Tajani, però, non chiude del tutto alla possibilità di chiedere uno sforzo alle aziende. A cambiare deve essere il metodo. «Un contributo è giusto che sia dato, come abbiamo fatto con le banche, con le assicurazioni», spiega. Ma «deve esserci un confronto concordato» con le imprese, soprattutto con quelle del settore degli idrocarburi. Sono i primi paletti in vista della lunga partita sulla manovra.
«Nel momento di difficoltà tutti devono contribuire alla soluzione dei problemi», concede il vicepremier. «Ma un conto è contribuire con un accordo, un conto è abbattere la mannaia delle tasse». La linea di Forza Italia, assicura, non cambia: «Il nostro mantra è meno tasse, meno tasse, meno tasse». Fino alla nuova metafora botanica: «Le tasse sono come la gramigna, sono un elemento negativo e vanno estirpate».
Il terreno di mediazione dentro la maggioranza potrebbe dunque essere quello già sperimentato con banche e assicurazioni: non un prelievo definito dal governo come tassa sugli extraprofitti, ma un contributo concordato con le aziende. «Credo che si possa lavorare anche discutendo e confrontandoci con il mondo industriale, soprattutto nel settore degli idrocarburi», è l’apertura di Tajani.
La proroga in Cdm e i 14 miliardi della clausola Ue
Lo scontro arriva proprio nel giorno in cui il governo torna a riunirsi per affrontare il caro carburanti. «Si proroga la decisione già adottata all’ultimo Consiglio dei ministri, per il tempo necessario a preparare un intervento sostanziale che possa essere anche strutturale», spiega Tajani. L’obiettivo indicato dal leader di Forza Italia è evitare misure generalizzate e concentrare le risorse «soprattutto sui ceti più deboli, il ceto medio» e sulle imprese.

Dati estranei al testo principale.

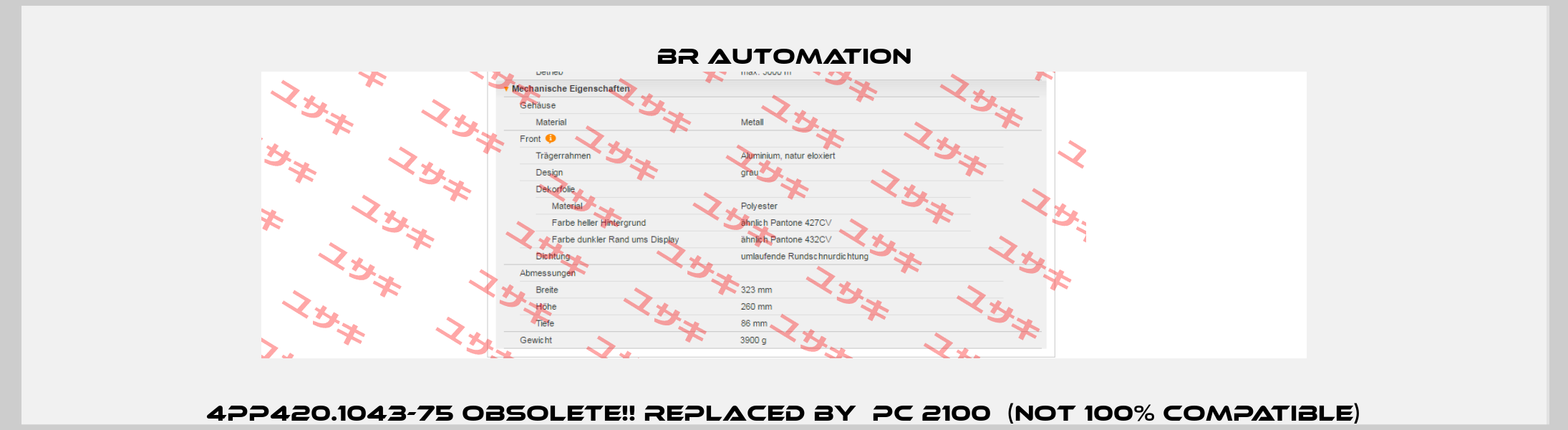 4PP420.1043-75 Obsolete!! Replaced by  PC 2100  (not 100% compatible) Br Automation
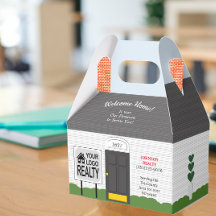 ウェルカムホーム不動産仲介業者ロゴ新しいホームギフトボックス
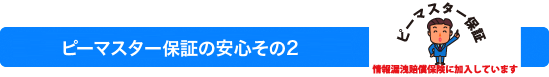 ピーマスター保証の安心その2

Una parte della soluzione, secondo Tajani, potrebbe arrivare anche dalla clausola di salvaguardia nazionale sulla spesa energetica. «Grazie allo scostamento che abbiamo ottenuto, grazie alla possibilità di poter utilizzare questi 14 miliardi, ritengo che si possano fare cose molto positive che vadano nella direzione di ridurre i costi energetici nei confronti delle famiglie e delle imprese». Risorse che, precisa però, «non possono essere utilizzate per tagliare le accise». Sul tavolo resta quindi la ricerca delle coperture per rendere strutturale l’intervento. Ed è proprio qui che torna la distanza tra i due vicepremier.